Hubbub over IP Addresses

To read the press coverage of the past few weeks, one might think that web servers had just developed a nefarious new tactic in the target-marketing wars -- registering and retaining records on the IP addresses to which they deliver information.  The uproar on Google refusing to comply with a DOJ request for random search request data has subsided for the moment, but the idea that Google keeps a record of every search submitted and can cross-reference on various attributes remains a hot button.
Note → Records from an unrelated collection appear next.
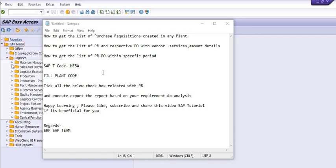Hello all, welcome to this SAP tutorial. This is purely a learning tutorial. If you think this is a very useful tutorial for you, please share this tutorial with your colleagues and friends. So today's SAP tutorial topic is how to get the list of purchase requisitions created in any plant.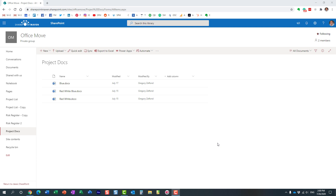Hello, this is Greg from SharePoint Maven. In today's video I would like to demonstrate the concept of Boolean search operators in SharePoint Online. These are simple words that can help you combine or exclude certain results from your search — words like AND, OR, or NOT.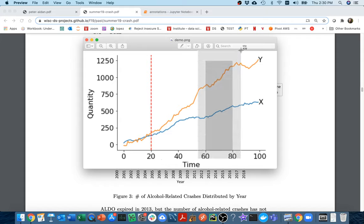We're also going to show how we can shade a region of the plot to indicate some sort of time interval.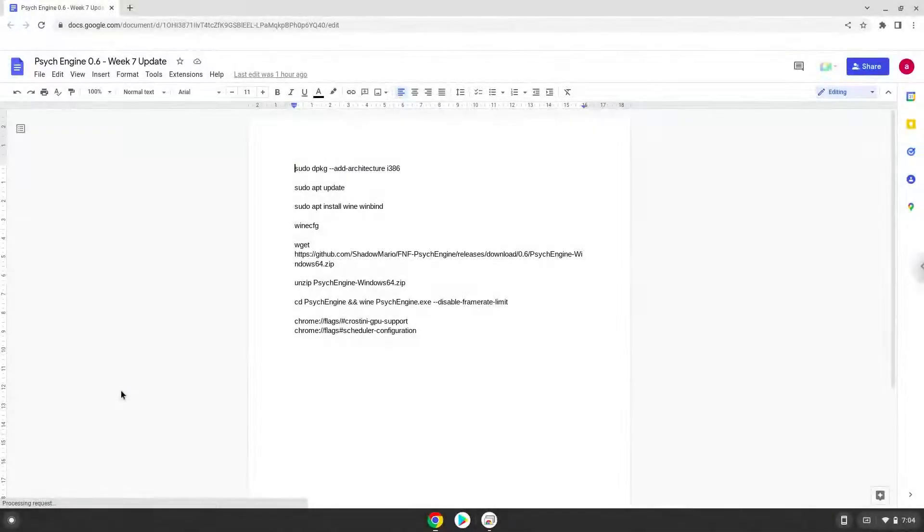Hello. Today we are looking at how to install FunkenCyc Engine 0.6 on a Chromebook.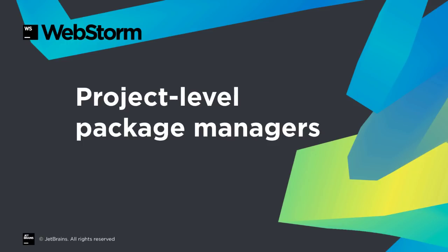NPM automated JavaScript packaging, Yarn addressed NPM shortcomings, and NPM itself then improved. Which one to use? WebStorm 2018.1 lets you choose on a per project basis.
BoingBoing (certainly a tech-savvy site that knows better than to believe the hype) presented its own eager round-up on the Google-correlations beginning with comments by private IT consultant Adam Fields.

Similarly, people seem shocked that Internet service providers might be able to associate IP addresses (whether static or dynamically allocated) to particular subscribers.  The BBC freaked over ISPs receiving court orders to turn over subscriber information on alleged file sharing sites, while the New York Times sounded the alarm bell over similar tactics in US federal and state courts for a variety of criminal and civil cases.

I'm not asking "isn't this horrible?" though -- my questions are more along the lines of "why did it take so long to be an issue?" and "don't we want courts involved in defending individual privacy?".  The RIAA has been issuing blanket subpoenas and John Doe lawsuits (where it knows something about a defendant but not the true legal identity) against alleged file-sharers for nearly two and a half years, with the EFF offering advice on countermeasures.  Six years ago, I was filing my own John Doe complaints in federal courts to get subpoena authority against AOL, Yahoo!, Microsoft, and small ISPs.  (*)

Society as a whole is probably benefitted by some limits on private corporation's data retention.  If Google really wants to "do no evil," it can certainly adopt a 90- or 180-day retention policy for search results -- some IP tracking is probably relevant to support AdSense payout and whatnot, but longer retentions are an invitation for more snooping by lawyers.  I'd also suggest that Google and other content providers need to reassert themselves -- for example, reviewing the sufficiency of complaints before responding to subpoenas.  Privacy and data usage disclosures are required from finance companies (banks, credit cards, insurance) -- but they're good policy across the board.

Furthermore, I applaud the role of the courts in this debate.  In my cases, I always felt that my John Doe complaints had to be bulletproof before I'd file and begin issuing subpoenas.  The RIAA is learning that lesson the hard way -- although courts don't (and realistically can't) review complaints before plaintiffs start firing off subpoenas, they will waste no time in slamming frivolous or badly-formed complaints.  I want the courts as a check on requests, even if it is after the fact. 

Requiring notice to a target isn't such a bad idea either, even in many criminal cases (assuming we still respect the notion of "innocent until proven guilty" buried within the Fifth and Sixth Amendments).   As for the national security trump card, prosecutors can still go through the FISA court (for international communications) or get a legitimate ex parte court order and supervision (for purely domestic situations).

And (tying it all back together) an explicit Constitutional amendment identifying and defending an individual's right to privacy can only bolster the provisions I've suggested above.